Lew Leone is the vice president and general manager of WNYW-FOX 5. He is taking to the airwaves with his thoughts on current affairs. It's called "Lew's View." The views expressed are not necessarily those of the station or its employees.
The bullets are flying in Chicago. In 2012 the Windy City suffered over 500 murders. That's well more than New York City, where the murder rate is at an all-time low. Why is New York safer while Chicago is slowly turning into a war zone? There is strong evidence that the NYPD's practice of stop and frisk is a major component of New York's success. I have a hard time understanding why this program is so controversial.
In high-crime areas the police stop, question and frisk suspicious groups or individuals. This helps make the neighborhood safer because the bad guys are said to leave the guns at home, there is less crime committed and lives are saved. I know this seems like a simplistic view but the facts support the effectiveness of stop and frisk.
This week an opinion piece by New York City Police Commissioner Ray Kelly appeared in the Wall Street Journal. It should be required reading for every New Yorker. Commissioner Kelly credits the stop and frisk program with saving over 7,000 lives since 2002. He calls charges of racial profiling disingenuous and incendiary because "accusations of racial profiling ignore the fact that violent crime overwhelmingly occurs in minority neighborhoods."
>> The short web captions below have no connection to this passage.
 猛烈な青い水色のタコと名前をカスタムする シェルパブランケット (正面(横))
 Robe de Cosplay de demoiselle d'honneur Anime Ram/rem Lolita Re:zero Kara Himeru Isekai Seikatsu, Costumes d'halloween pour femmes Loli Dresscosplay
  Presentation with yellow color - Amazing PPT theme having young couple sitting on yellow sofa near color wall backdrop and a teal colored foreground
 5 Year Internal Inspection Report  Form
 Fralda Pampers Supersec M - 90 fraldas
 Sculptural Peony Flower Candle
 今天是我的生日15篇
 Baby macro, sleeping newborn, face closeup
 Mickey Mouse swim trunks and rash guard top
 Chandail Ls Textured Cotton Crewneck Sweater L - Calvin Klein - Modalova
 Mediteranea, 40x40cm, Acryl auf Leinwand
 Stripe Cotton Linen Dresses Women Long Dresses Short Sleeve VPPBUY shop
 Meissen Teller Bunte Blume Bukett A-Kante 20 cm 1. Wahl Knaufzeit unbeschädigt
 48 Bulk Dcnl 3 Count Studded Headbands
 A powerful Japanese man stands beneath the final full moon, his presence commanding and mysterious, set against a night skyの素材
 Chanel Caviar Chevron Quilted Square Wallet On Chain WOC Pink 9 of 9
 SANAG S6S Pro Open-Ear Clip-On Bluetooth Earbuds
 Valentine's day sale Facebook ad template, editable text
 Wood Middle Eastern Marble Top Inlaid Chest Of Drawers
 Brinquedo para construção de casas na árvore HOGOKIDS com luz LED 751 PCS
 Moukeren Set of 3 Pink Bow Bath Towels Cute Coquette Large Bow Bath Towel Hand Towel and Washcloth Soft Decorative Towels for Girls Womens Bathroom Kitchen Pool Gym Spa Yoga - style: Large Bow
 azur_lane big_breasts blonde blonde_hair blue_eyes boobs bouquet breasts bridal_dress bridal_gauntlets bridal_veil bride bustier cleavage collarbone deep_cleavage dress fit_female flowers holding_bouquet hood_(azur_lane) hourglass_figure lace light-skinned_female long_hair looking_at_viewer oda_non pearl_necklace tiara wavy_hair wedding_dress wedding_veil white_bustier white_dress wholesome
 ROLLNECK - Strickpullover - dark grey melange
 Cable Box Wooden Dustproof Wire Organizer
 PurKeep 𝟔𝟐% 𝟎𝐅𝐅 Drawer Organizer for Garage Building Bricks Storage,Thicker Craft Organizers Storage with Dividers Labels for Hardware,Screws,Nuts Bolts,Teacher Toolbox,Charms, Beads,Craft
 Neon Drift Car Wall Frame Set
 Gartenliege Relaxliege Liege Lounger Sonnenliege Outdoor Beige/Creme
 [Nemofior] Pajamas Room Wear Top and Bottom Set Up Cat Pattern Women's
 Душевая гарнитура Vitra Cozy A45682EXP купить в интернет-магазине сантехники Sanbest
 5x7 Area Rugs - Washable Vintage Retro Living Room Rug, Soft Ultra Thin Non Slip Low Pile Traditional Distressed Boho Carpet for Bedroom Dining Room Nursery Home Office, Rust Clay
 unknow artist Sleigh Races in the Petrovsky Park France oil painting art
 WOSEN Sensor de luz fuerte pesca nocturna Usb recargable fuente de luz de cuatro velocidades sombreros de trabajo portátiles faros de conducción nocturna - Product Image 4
There are many who disagree and say innocent people are often randomly targeted. I am sensitive to that. The police commissioner is, too.
Kelly says that he understands that someone who has done nothing wrong will be angry if he or she is stopped. But with more oversight and training civilian complaints last year dropped to the lowest level in five years, and Kelly promises even more improvement.
With the stop and frisk program under attack New Yorkers should be very concerned if the practice is significantly curtailed or neutralized to the point of being ineffective. If we handcuff the NYPD more people will die, the city will not be as safe, the economy will suffer and certainly fewer tourists will visit if we produce Chicago-like headlines.